The research introduces a framework which outlines eight ways in which regulation can affect provider performance. Evidence of all eight were found, although some types of impact (e.g. anticipatory impact, where providers make changes in advance of an inspection) were more common than others (e.g. systemic impact, where the regulator effects change beyond individual providers).

Key findings include:

  • providers accept and generally support the need for quality regulation within the health and care system and see the approach introduced by CQC in 2013 as a significant improvement on the system it replaced, which had been widely criticised
  • significant differences in impact were found between the four sectors studied, highlighting the potential for CQC to develop its model in different ways in each sector
  • the relationships between CQC staff and health and social care professionals and managers fundamentally affected the way regulation worked and its impact

The King’s Fund states that its research highlights the importance for CQC of investing in recruitment and training of its staff, to create an inspection workforce with the credibility and skills necessary to foster improvement through close relationships, while maintaining consistency and objectivity. For service providers, it emphasises the need to encourage and support their staff to engage in open, improvement-focused discussions with inspection teams.

The researchers also state that, as health and social care provision becomes more integrated, the current focus in individual providers will need to be replaced with regulatory approaches that cross organisational and sectoral boundaries.

The King’s Fund acknowledge that, now that CQC has completed its first full cycle of inspecting and rating health and social care providers, it is implementing a new strategy for regulation that addresses some of the issues raised in the research.

The research concludes that the relationship of inspection teams and providers is two-way and that the impact of CQC on quality is not only affected by how CQC interacts with providers but also by how providers interact with CQC. The providers likely to gain most, it states, are those that develop ‘strong ongoing relationships’ with CQC staff and seek to engage in improvement throughout the year, rather than episodically in response to regulation.

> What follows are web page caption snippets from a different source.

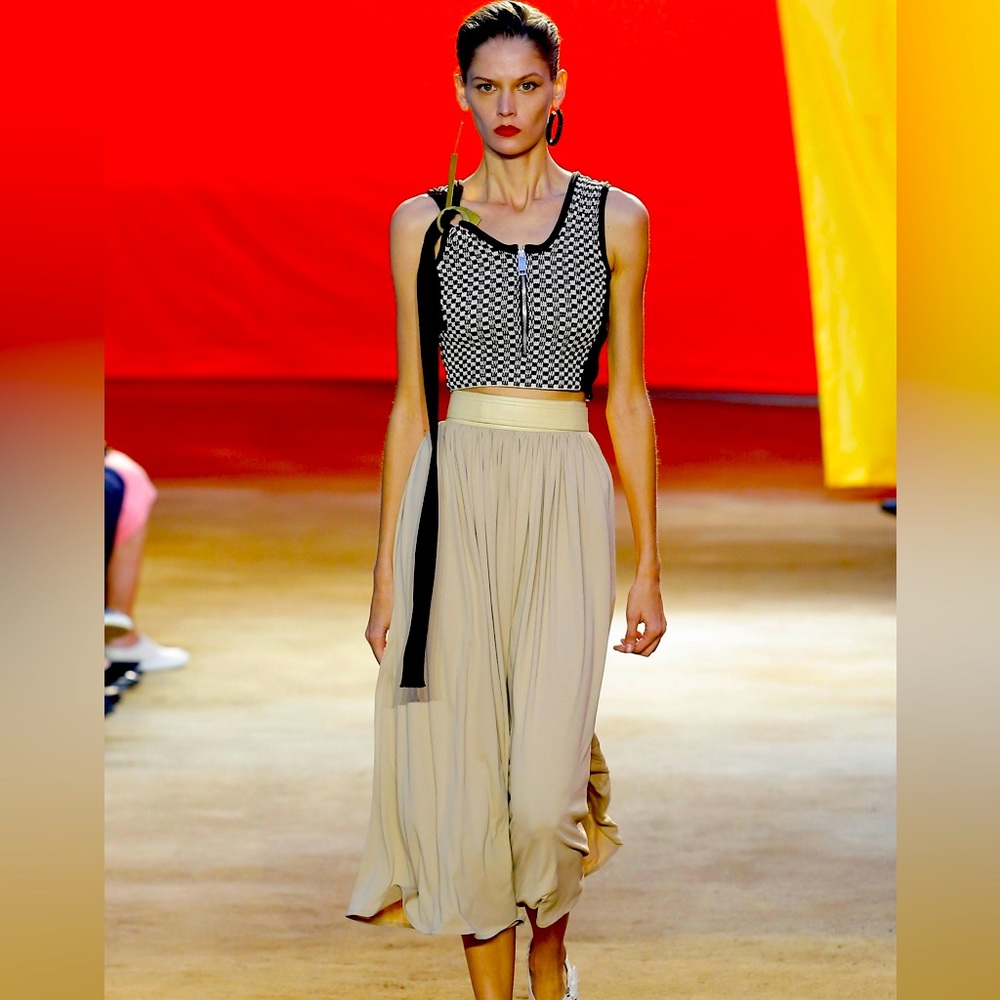 Celine S/S 2016 Pleated Skirt with Leather Belt. FR size 36. Collector’s item.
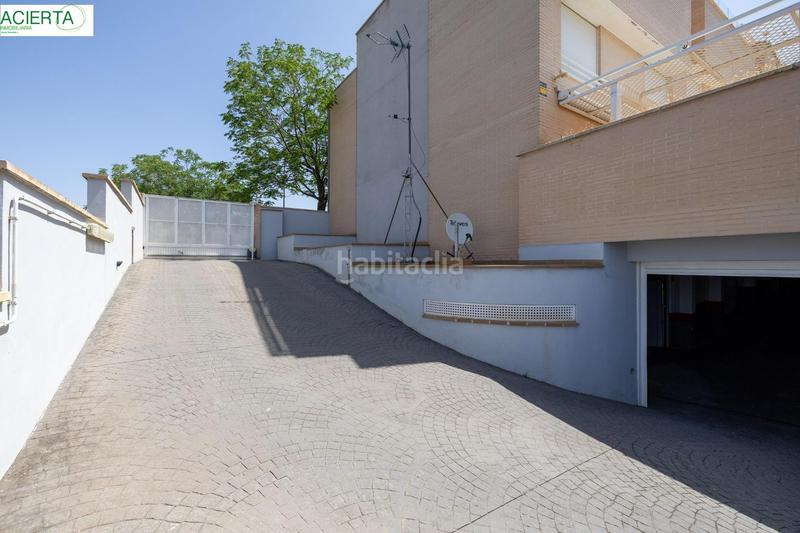 Foto 146177d7-1f42-4919-a265-0a5582803fc6. Casa bifamiliare con riscaldamento parcheggio piscina in Granada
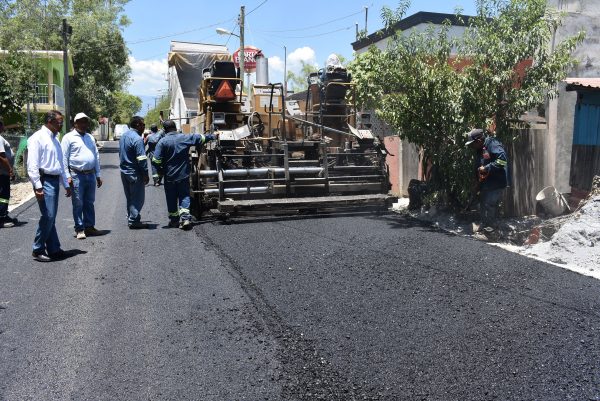 Avanzan trabajos de pavimentación en la Colonia Martínez Domínguez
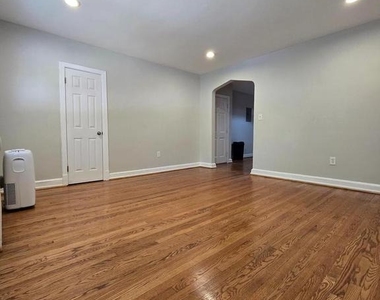 4044 7th Street Ne - Photo Thumbnail 4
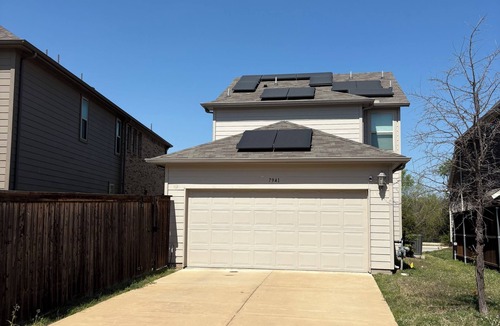 Rowlett House | Modern home & neighborhood that is family-oriented. Pool and park provided!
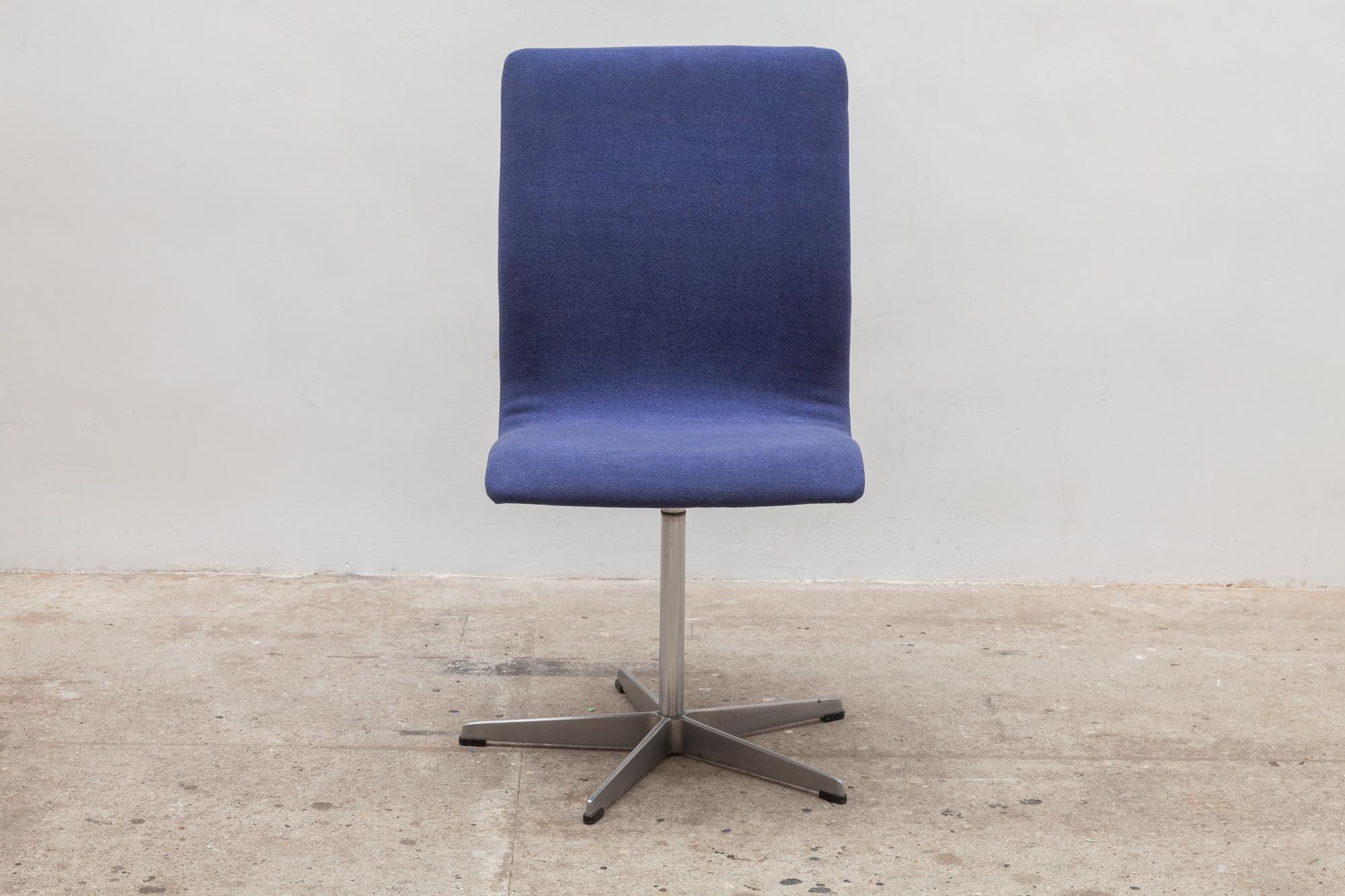 Mid-20th Century Fritz Hansen Oxford Desk Chair Designed by Arne Jacobsen, 1963 Denmark For Sale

In response to the report, Ian Trenholm, the CQC chief executive, said:

‘We welcome the findings of this report on the regulatory model we introduced in 2013, the recommendations it offers and the support it gives to the changes we have already made and are continuing to make in line with our strategy.

‘We are already placing greater emphasis on relationship management, the development of system-wide approaches to monitoring quality, and the introduction of CQC insight and intelligence driven assessment.

‘In an environment of pressure and change, we’ll continue to evolve our model to support the system to improve – and take action to protect people where necessary.’